Set up direct SSH connection from A to C without public IPs using one public SSH server

4

1

I have available these SSH servers/clients:

A - without public IP

B - public IP

C - without public IP

I know, I can establish an SSH connection from A to C as follows:

1) Hook C to B. Doing from C:

ssh -R 10100:localhost:22 B_IP

2) Set port forwarding from A to C using B hook in order to be able of ssh-agent usage on machine A:

ssh -L 5000:localhost:10100 B_IP

3) Now I can use my ssh keys to "directly" access C from A:

ssh -p 5000 localhost

... my point is:

Can I somehow establish new "pure" connection from A to C so that after machine B goes down, I can continue my work?

I think it should be possible as long, as these two computers realise, they already share a connection, or am I wrong?

Thanks for your time & ideas :)

jirislav

Posted 2015-10-12T22:53:04.893

Reputation: 103

Answers

2

  • The usual method is to set up "NAT port forwarding" on A's or C's router. (How it's done depends on router, but there are instructions everywhere.) Once you do that, you can connect to C-router's public address + the "forwarded" port, and the connection will go through to C.

    (Note: NAT port-forwarding and SSH port-forwarding are similar but distinct things, like a hammer and a screwdriver.

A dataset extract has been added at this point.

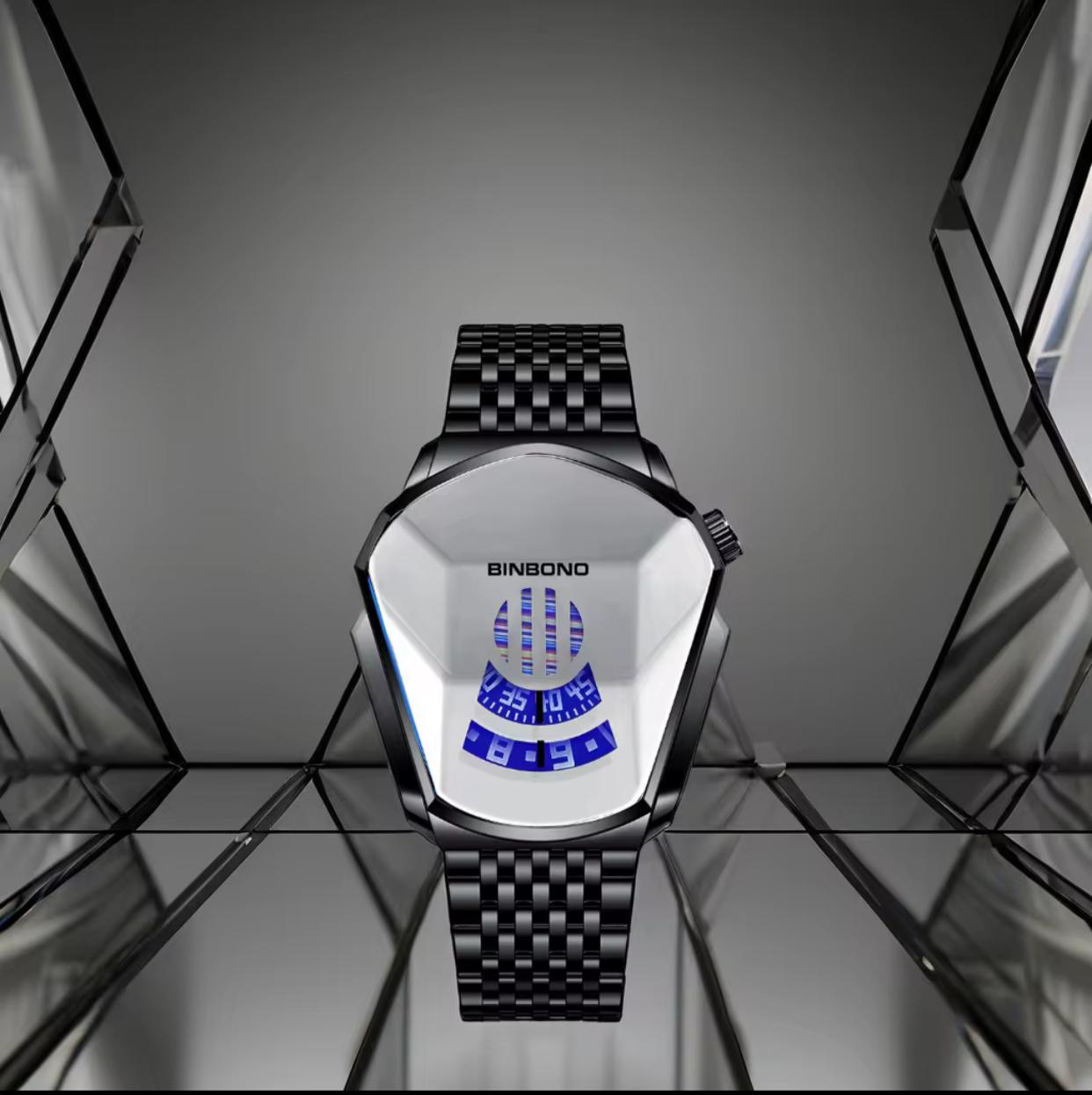 BINBOND STAINLESS STEEL GENTS  WATERPROOF  WRISTWATCH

Do not confuse them.)

  • If you do not have administrative access to either router, you could try using UPnP or NAT-PMP to set up a port forwarding rule, as many games and P2P programs do. For this, use upnpc or natpmpc commands.

  • If neither of above methods work, you will need some form of NAT hole-punching. (See also the TCP and ICMP hole-punching articles.)

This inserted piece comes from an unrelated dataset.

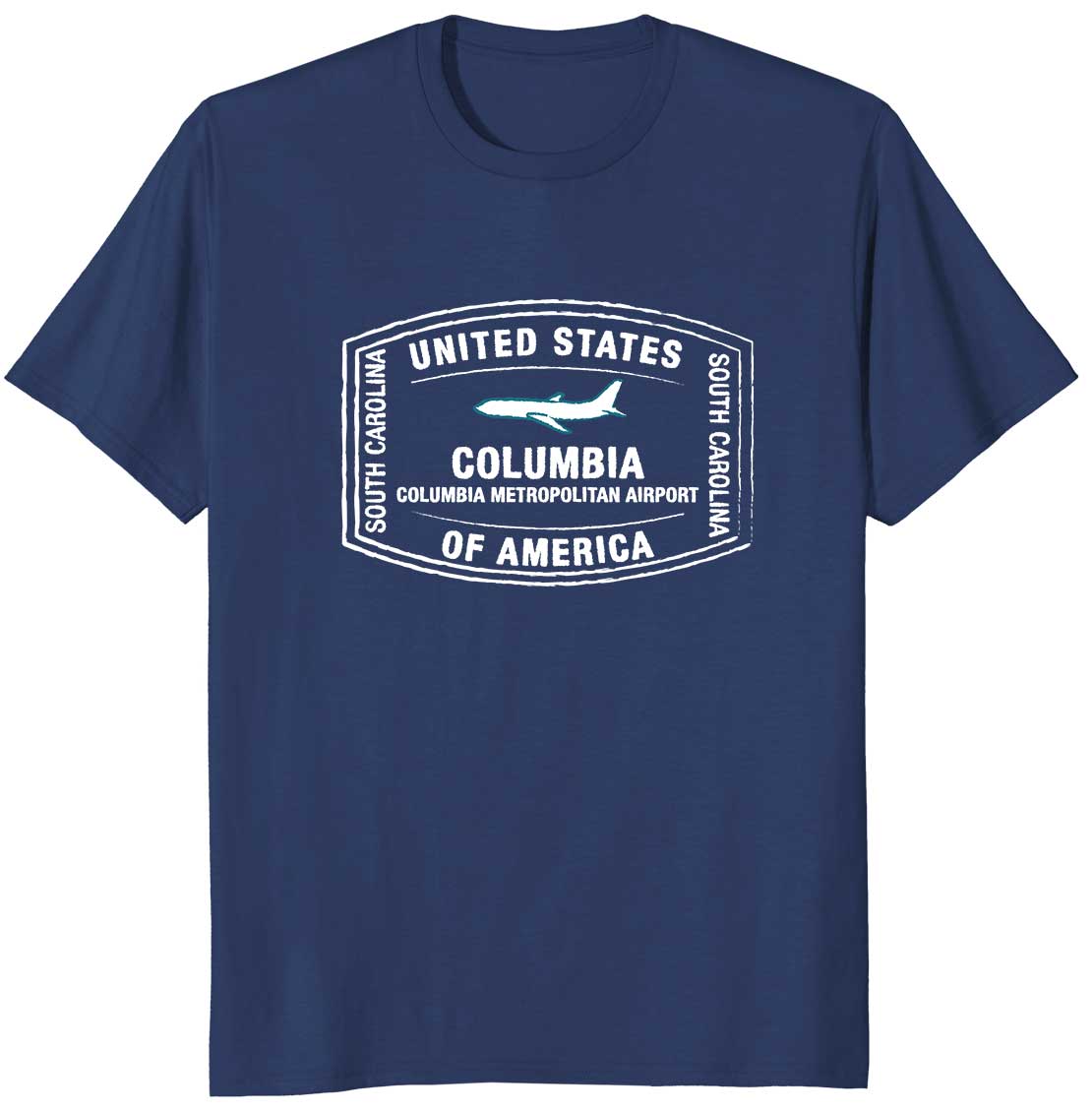 Columbia SC USA Airport Passport Stamp Holiday Travel T-shirt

    Unfortunately, while it's widely used in various specific programs, there don't seem to be many generic tools for TCP, though chownat may work.

user1686

Posted 2015-10-12T22:53:04.893

Reputation: 283 655

Well, first solution was already obvious to me, but I don't have public IP on my router ... about the second solution - I'm now about to try it out, so I'll report it back - but I'd like to make something clear to me - is it possible to communicate from A to C using UPnP or NAT-PMP without any public server I have access to ?... and honestly the third solutions seems the most attractive to me, so I can't wait to try it out :) – jirislav – 2015-10-13T14:22:25.490

1

This is probably impossible unless you can do some kind of port forwarding on the routers - but in this case you don't need computer C at all.

The thing is that in your example you are not going directly from A -> C, the packets are all still traversing B.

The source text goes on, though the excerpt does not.